Michael Mann, le Ferrari de l’automobile ?

Est-ce ce curieux état d’esprit, mélange de héros et de loser magnifique, qui a fasciné le réalisateur américain ? Peut-être, s’est-il vu, lui aussi, dans la peau d’un Commandatore du cinéma. Lui qui a volé de succès en nominations aux Oscars, lui qui a été sélectionné à Cannes, mais qui est au creux de la vague depuis plusieurs années.

Du coup, on comprend mieux l’acharnement de Mann à vouloir monter ce film, depuis un premier scénario écrit avec Sydney Pollack en 1995, jusqu’à sa sortie, un peu avortée aujourd’hui.

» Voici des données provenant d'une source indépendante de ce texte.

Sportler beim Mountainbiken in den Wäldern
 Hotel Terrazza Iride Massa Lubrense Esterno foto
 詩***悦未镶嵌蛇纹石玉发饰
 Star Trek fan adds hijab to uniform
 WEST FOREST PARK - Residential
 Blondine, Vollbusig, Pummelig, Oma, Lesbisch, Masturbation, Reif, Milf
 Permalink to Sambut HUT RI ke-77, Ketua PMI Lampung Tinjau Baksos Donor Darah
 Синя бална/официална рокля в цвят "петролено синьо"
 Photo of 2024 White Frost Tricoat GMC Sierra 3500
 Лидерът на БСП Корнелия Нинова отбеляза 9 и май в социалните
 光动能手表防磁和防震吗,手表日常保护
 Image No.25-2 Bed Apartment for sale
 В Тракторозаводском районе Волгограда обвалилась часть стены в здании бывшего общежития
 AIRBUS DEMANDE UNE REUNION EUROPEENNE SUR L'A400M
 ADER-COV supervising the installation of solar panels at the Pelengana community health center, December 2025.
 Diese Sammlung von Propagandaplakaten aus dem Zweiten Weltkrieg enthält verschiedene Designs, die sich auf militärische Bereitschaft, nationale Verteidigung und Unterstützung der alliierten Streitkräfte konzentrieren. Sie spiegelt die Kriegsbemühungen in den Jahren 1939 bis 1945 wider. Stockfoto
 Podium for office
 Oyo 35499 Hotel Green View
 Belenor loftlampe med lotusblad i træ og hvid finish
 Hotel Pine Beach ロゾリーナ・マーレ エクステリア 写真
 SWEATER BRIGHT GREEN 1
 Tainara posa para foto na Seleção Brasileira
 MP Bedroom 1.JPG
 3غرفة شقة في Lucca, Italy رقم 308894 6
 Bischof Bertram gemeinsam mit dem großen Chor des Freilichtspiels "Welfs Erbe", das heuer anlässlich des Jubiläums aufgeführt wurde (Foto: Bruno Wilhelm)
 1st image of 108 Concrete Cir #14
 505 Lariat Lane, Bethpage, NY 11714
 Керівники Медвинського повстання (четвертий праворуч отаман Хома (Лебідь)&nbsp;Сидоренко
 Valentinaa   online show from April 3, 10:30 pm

Car c’est son premier long-métrage qui ne bénéficie pas d’une présence en salle, ou seulement en Italie, et se retrouve directement sur Prime Video. Une sorte de punition non méritée.

Mais alors, qu’est ce qui cloche dans ce Ferrari presque parfait ? C’est peut-être justement ce parti pris de Michael Mann, celui de nous montrer un sphinx mutique qui nous laisse un goût de trop peu d’explications. Reste qu’un film imparfait du grand réalisateur américain vaut beaucoup mieux que les réussites de beaucoup d’autres, moins doués que lui.